The multi-agency sting, dubbed "Operation Safe Summer," began in May and ended Thursday with the arrest of the final 13 of the 26 men, said Robert O'Neill, U.S. attorney for the Middle District of Florida.
"They just don't think they're going to get caught," said Agent Dan Ogden of the Brevard County Sheriff's Office, which was heavily involved in the operation. "It's a compulsion."
- For some it may be a compulsion, but a vast majority it is not.
One of the suspects had 7,000 movies depicting child pornography, law officers said. Some of the pornography depicted babies crying out in pain as they were being sexually abused, investigators said.
The National Center for Missing and Exploited Children will view the videos to try to identify the victims. The hope is that their abusers can be found and prosecuted.
"Most of the [abused] children in America are abused by someone they know or by a relative," said Lt. Tod Goodyear of the Brevard County Sheriff's Office.
The operation was part of Project Safe Childhood, a national initiative started in May 2006 by the U.S. Department of Justice to crack down on child sexual exploitation and abuse.
- So what about a crack down on normal child abuse by parents and others?
Agents set up their undercover operation on social-networking websites such as Facebook and MySpace, photo-sharing networks and chat rooms that pedophiles frequent, Goodyear said.
"We target areas where we know they're going to be looking for children or where children are going," he said.
The oldest man arrested was Samuel Langfitt III, 72, of Cocoa Beach. He is a former U.S. Navy officer and a businessman who runs Trisel, a "personal executive coaching" company, according to its website.
The youngest are both 19: Jasen Anderson of Edgewater and Bradley Fox of Cocoa.
Charges include lewd and lascivious exhibition and solicitation, possession and distribution of child pornography and solicitation and travel to engage in sex with a minor. Two of the men traveled to Brevard County with the intention of having sex with children, investigators said. Others sent obscene pictures of themselves over the Internet, agents said.
Others arrested include:
- Steven Waring, 32, of Cocoa, who resigned from the computer department at Space Coast Junior/Senior High School after his arrest. He is charged with possession and distribution of child pornography.
- David Williams, 37, of West Point, Ky, who resigned from the Radcliff (Ky.) Police Department after his arrest. Reports show he thought he was chatting online with a 14-year-old girl who actually was an undercover law officer. He is charged with lewd exhibition and solicitation.
- Phillip Trott, 49, of Cape Coral, who is on probation from a 1990 Volusia County case involving second-degree murder and possession of a firearm by a felon.

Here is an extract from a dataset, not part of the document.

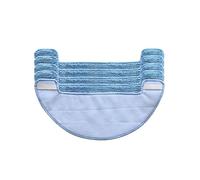 Chiffon De Nettoyage For Aspirateur Robot, Compatible Avec Amibot Et H2O Connect X610. Accessoire De Rechange For Le Nettoyage De La Serpillière.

He is charged with lewd and lascivious exhibition and solicitation.
- Rafael E. Gonzalez, 50, of Palm Bay, a registered sex predator on probation for the 1997 sexual battery of a minor relative or child for whom he was the custodian. His charges are possession and distribution of child pornography.
- Thomas P. Baker, 53, a registered sex offender from Apopka, who was sentenced to four years and three months in prison for a 1998 lewd and lascivious assault on a child younger than 16 in Seminole County.